It isn't that Marquette has no welfare cases. The county is 13 families away from that distinction. But for reasons ranging from disability to care of a child younger than three months, none of the 13 must enter a work program under the law, so the county can't compel them to take private jobs. Moreover, Marquette has put to work--or otherwise deflected--all applicants since last June.
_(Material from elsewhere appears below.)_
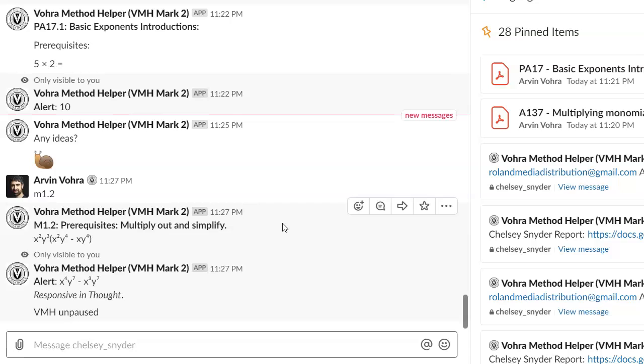And this all applies to grammar, reading, chemistry, physics, anything that's very conceptually based. So at Vora Method, how do we prevent this short-term non-learning? How do we make sure that students are learning permanently rather than temporarily?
Local boosters attribute Marquette's extremely low welfare use in part to a work ethic that runs strong in this Norman Rockwell patch of small towns and farms scattered across south-central Wisconsin. "You know what work is at a very young age on a farm," says Judi Mayer of the Montello Area Chamber of Commerce. But welfare professionals say a key factor is the attitude of the local welfare office. Marquette's social services department has, in director Kenneth Ramminger's words, "an expectation of work." His staff knows the employers in the region, and inquiries about welfare turn quickly into referrals to local businesses that may be hiring, like Brakebush Brothers, a chicken-processing plant.

And there's Ramminger himself. "He's extremely energetic in everything he does," says University of Wisconsin welfare expert Thomas Kaplan. "If he decides his mission is that people should get jobs, I imagine little would stand in his way." Of course, with the work-eligible rolls down to zero, it may be time for him to find a new mission.